I've been having some trouble amplifying my bisulfite treated DNA with the primers I have. I've been using Zymo's EZ Methylation Gold kit for conversion. I had some success with some universally methylated and non-methylated pUC-19 controls from Zymo, but the primers I've designed aren't amplifying anything. I know some things that I plan on altering, like ordering a hot start enzyme (we tried to get by with a taq polymerase since we already had it ready), altering my PCR protocol, and using nested primers, but I had a few technical questions about it.

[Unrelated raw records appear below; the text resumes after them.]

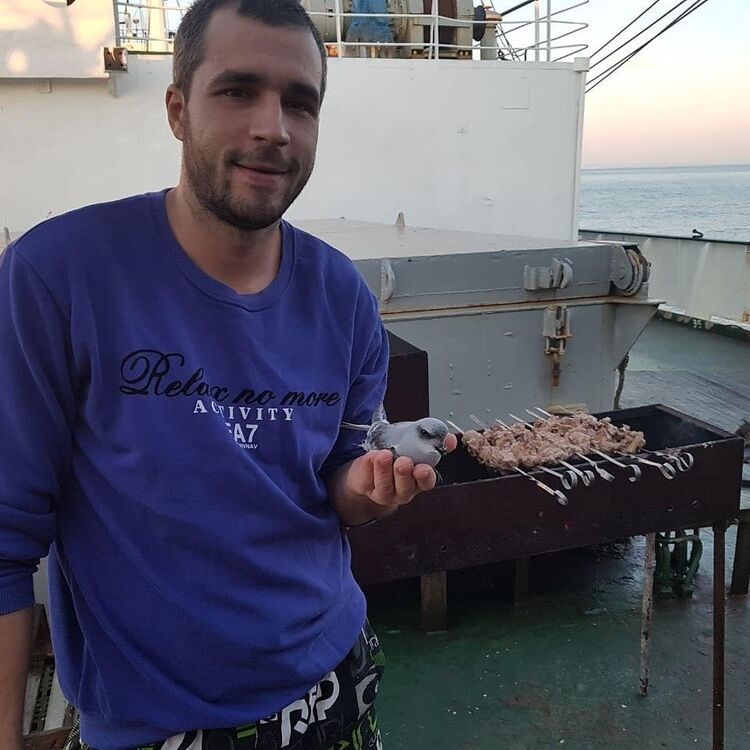 ���� 11408670 ������� SAM, 56 ���, ���� ���������� � ������������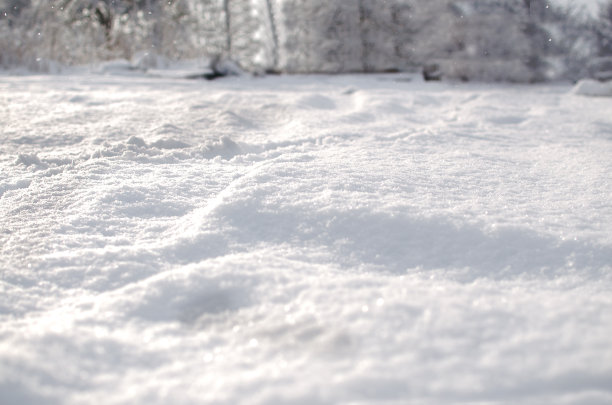 雪地特写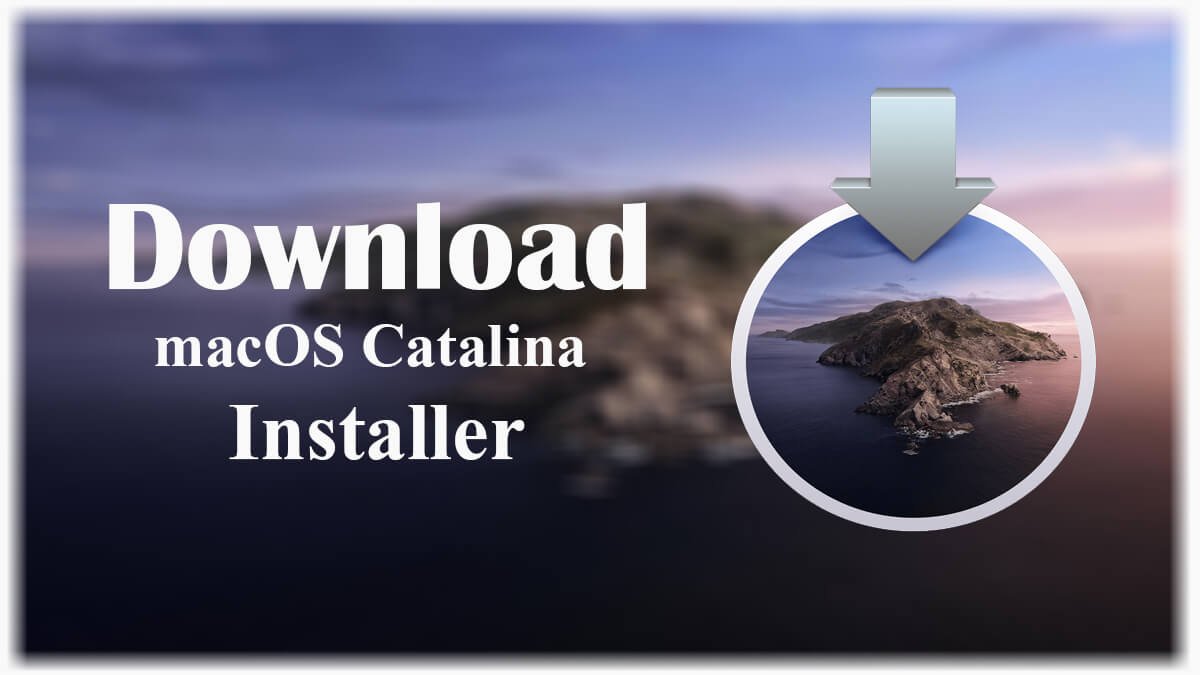 mac catalina installer download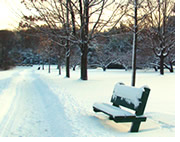 A snow-covered bench by the Mystic Lakes after one of last yearâ€™s storms. Photo by Paul Rapatano.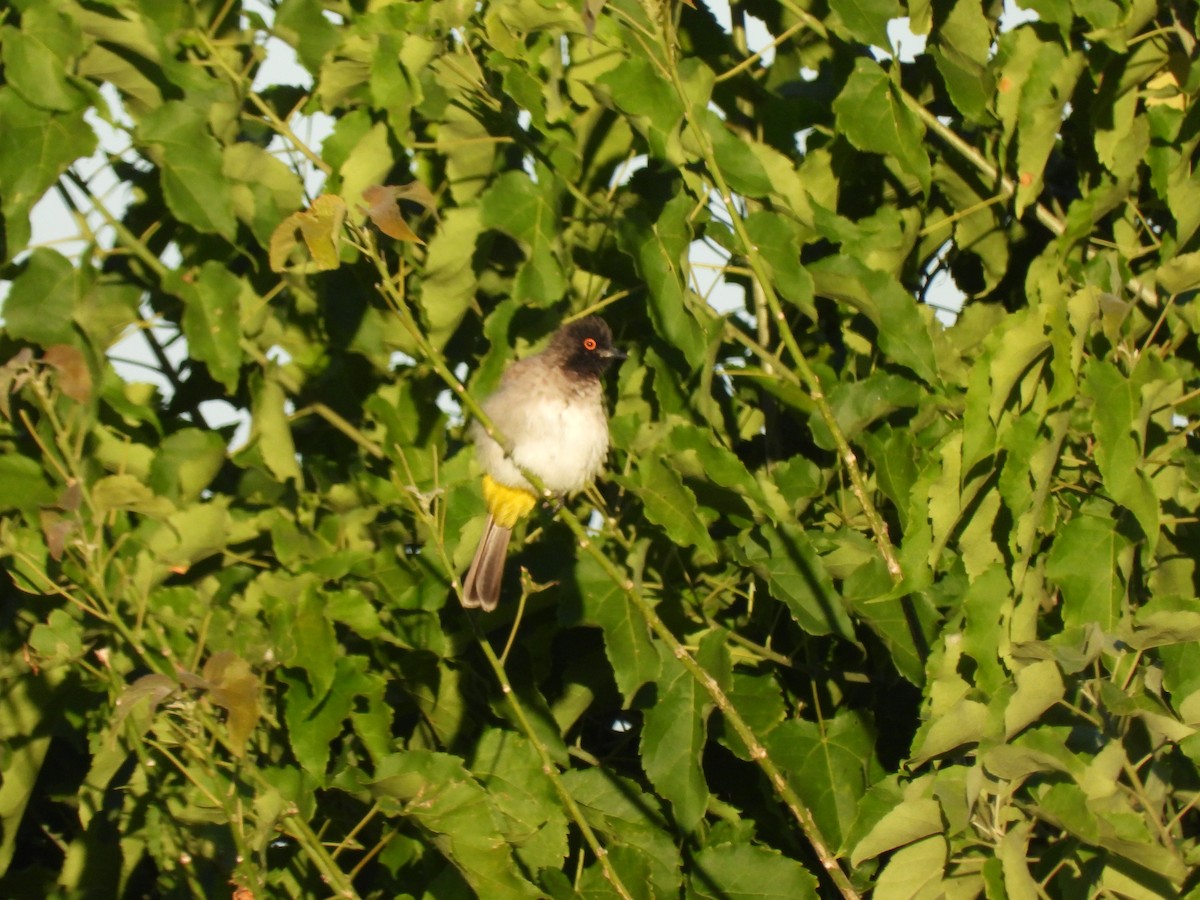 Black-fronted Bulbul - ML638031417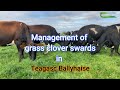 Management of grass clover swards in teagasc ballyhaise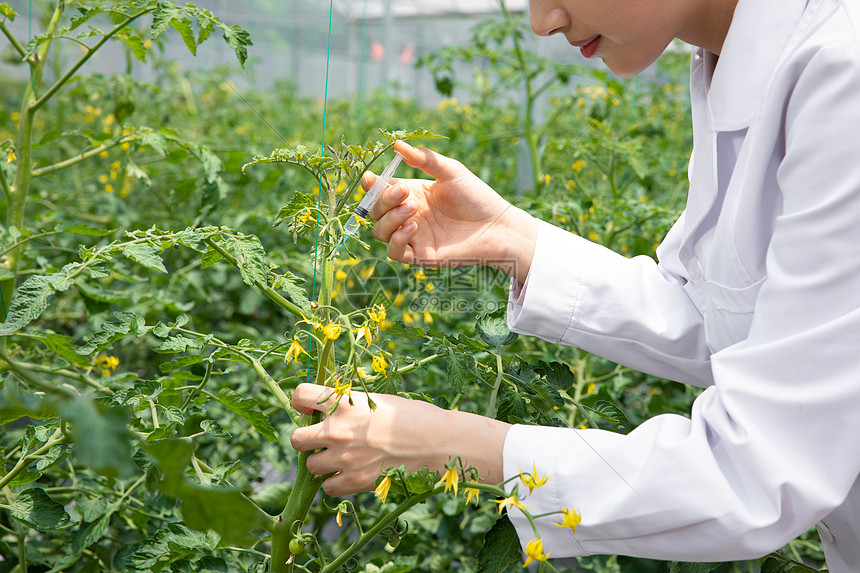 农业培育科学家给植物注射药剂图片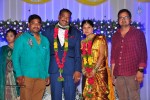 harinath-krishnaveni-wedding-reception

Why is nested PCR recommended if larger bisulfite PCR products are difficult to amplify? According to recommendations, the new primers I designed have 1st products no bigger than 500 bp, then my semi-nested or nested product are no bigger than 225 bp. The primers are anywhere from 24-32 bp, typically don't contain polystretches more than 5 of any base, have a GC clamp, and only use a degenerate base for a CpG when absolutely necessary.
My PI thinks that an "old fashioned" purification with proteinase K and ethanol will work to purify my PCR product before sending in, is that sufficient?
Are the Tms in methyl primer express trustworthy? Because I've seen an extension stage recommended on this forum for about 64C, but that is close to the Tms of some of the primers I'm designing so I could see that creating a problem.
Is getting a high fidelity enzyme that reads through uracil recommended? Like Thermo Scientific's Phusion U Hot Start? I've seen some say that they've had great results with that, but I know that conditions in some enzymes have been optimized for bisulfite PCR, like ZymoTaq.
Sorry for so many questions! I appreciate any help! This forum has been great and has provided me with so much useful information.